Flush all inlined data in all schemas and tables:
CALL ducklake_flush_inlined_data('my_ducklake');
Flush inlined data only within a specific schema:
CALL ducklake_flush_inlined_data(
'my_ducklake',
schema_name => 'my_schema'
);
Flush inlined data for a specific table in the default main schema:
CALL ducklake_flush_inlined_data(
'my_ducklake',
table_name => 'my_table'
);
Flush inlined data for a specific table in a specific schema:
CALL ducklake_flush_inlined_data(
'my_ducklake',
schema_name => 'my_schema',
table_name => 'my_table'
);
Return Values
ducklake_flush_inlined_data returns one row per table that had data flushed, with the following columns:
| Column | Type | Description |
|---|---|---|
schema_name |
VARCHAR |
Name of the schema containing the table |
table_name |
VARCHAR |
Name of the table |
rows_flushed |
BIGINT |
Number of rows flushed from inlined storage to Parquet |
Tables with no inlined data are not included in the result. Example:
SELECT schema_name, table_name, rows_flushed
FROM ducklake_flush_inlined_data('my_ducklake');
Time Travel and Deletions
When flushing inlined inserts that have had rows deleted, DuckLake creates both the materialized Parquet data file and a partial deletion file. Rather than creating one deletion file per delete snapshot, the partial deletion file consolidates all deletions into a single Parquet file with an extra column that records the snapshot in which each row was deleted. This preserves full time-travel support while keeping the number of files minimal.

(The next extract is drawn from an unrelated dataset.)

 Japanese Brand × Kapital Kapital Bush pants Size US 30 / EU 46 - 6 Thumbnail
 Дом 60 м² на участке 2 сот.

When flushing inlined deletions (rows deleted from existing Parquet data files), DuckLake writes a Parquet delete file for each affected data file. If a delete file already exists for that data file, the inlined deletions are merged into it. The resulting file is always a partial deletion file so that snapshot information is preserved for time-travel queries.
For example:
ATTACH 'ducklake:inlining.duckdb' AS my_ducklake (DATA_PATH 'data/', DATA_INLINING_ROW_LIMIT 10);
USE my_ducklake;
CREATE TABLE t1 (a INTEGER);
INSERT INTO t1 VALUES (1), (2), (3), (4), (5), (6), (7), (8);
DELETE FROM t1 WHERE a = 2;
DELETE FROM t1 WHERE a = 5;
-- Flush materializes data to Parquet and creates a deletion file with snapshot information
CALL ducklake_flush_inlined_data('ducklake');
After flushing, time travel to snapshots before the deletions still returns the deleted rows:
-- Returns all 8 original rows
SELECT * FROM t1 AT (VERSION => 1);
Sorted Flush
If a table has a sort order defined, ducklake_flush_inlined_data sorts the output by those keys before writing the resulting Parquet file. The sort order applied is the one currently active on the table at the time of the flush.

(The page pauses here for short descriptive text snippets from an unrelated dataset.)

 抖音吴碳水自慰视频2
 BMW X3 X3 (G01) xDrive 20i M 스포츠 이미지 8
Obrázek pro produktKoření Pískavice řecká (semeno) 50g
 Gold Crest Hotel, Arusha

Interaction with auto_compact
If a table has auto_compact set to false, ducklake_flush_inlined_data will skip it when flushing the whole lake or a whole schema. The same applies when flushing via CHECKPOINT, since CHECKPOINT calls ducklake_flush_inlined_data internally.
Note
auto_compactdoes not cause flushing to happen automatically after writes. It only determines whether a table is eligible for flushing when a maintenance function is called.